Innym niechętnym wobec Bidena gestem było podpisanie pod koniec roku umowy Unia Europejska–Chiny. I znów – wojnę handlową z Chinami prowadził Trump, ale Biden tego kierunku wcale nie zmieni. A tuż przed inauguracją swojej prezydentury dostał zimny prysznic w postaci podpisanej przez Angelę Merkel umowy handlowo-inwestycyjnej z Chinami. A zatem kolejnym sygnałem Europa pokazuje Stanom, że nie bardzo chce się z nimi liczyć.
Skąd więc w Europie taki entuzjazm wywołany zwycięstwem Bidena. Wielu przedstawicieli nurtów lewicowych i liberalnych uznało zwycięstwo Bidena za triumfalny sukces liberalizmu. Liczą, że pod względem wartości będzie to sukces, który zatrzyma marsz narodowych i populistycznych partii prawicowych. Liberalna opozycja w Polsce, nie mogąc pokonać PiS, symbolicznie cieszy się z pokonania Trumpa przez Bidena, licząc, że tak samo wkrótce stanie w się w Polsce.
Ale to bardzo krótkowzroczne. Po pierwsze, nie cofnie się już czasu do liberalnej prezydentury Baracka Obamy. Można się z Trumpem nie zgadzać, ale był on odpowiedzią na poważne problemy, z jakimi boryka się amerykańskie społeczeństwo. Trump przegrał, ale dostał ponad 70 mln głosów – więcej niż jakikolwiek wcześniej kandydat, który wygrał wybory. Przegrał z Bidenem, który ustanowił nowy rekord głosów. Ale tych 70 mln wyborców Trumpa nie zniknie. Tak jak nie znikną problemy, nierówności, lęki i nadzieje, które oni pokładali w Trumpie. Biden zapewnia, że chce zjednoczyć Amerykanów. Ale w pierwszych decyzjach odwraca kolejne decyzje swego poprzednika na zasadzie ostrej politycznej konfrontacji.

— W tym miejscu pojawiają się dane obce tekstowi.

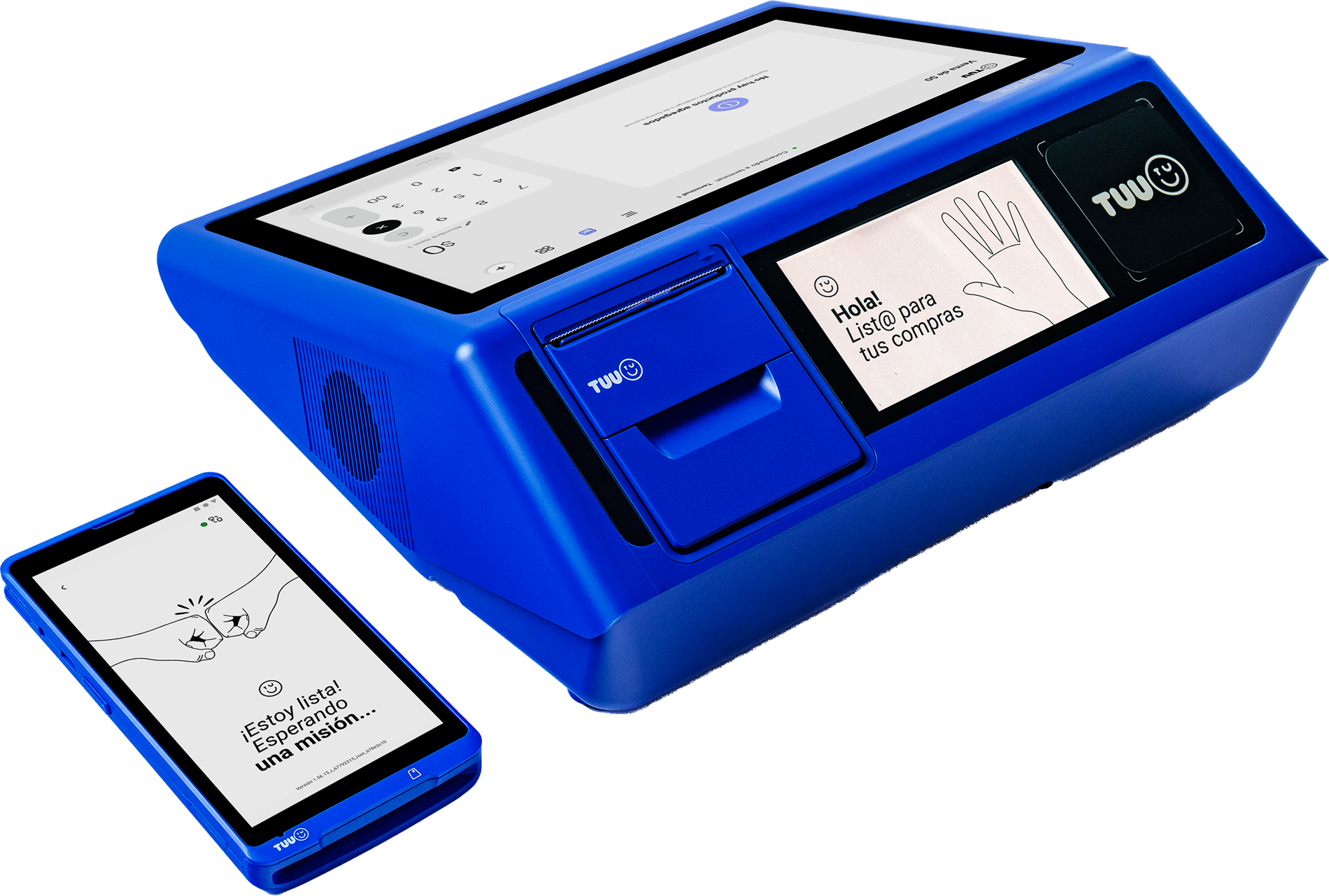 Máquina Tuu DESK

Trudno byłoby oczekiwać, by nie spełniał złożonych w kampanii obietnic, problem w tym, że jego wyborcy oczekują od niego rozprawy z trumpizmem, a nie zrozumienia jego przyczyn. W ten sposób liberalnego ładu się nie przywróci, a kolejne miesiące prezydentury Bidena mogą być dla liberalnego świata coraz większym zawodem.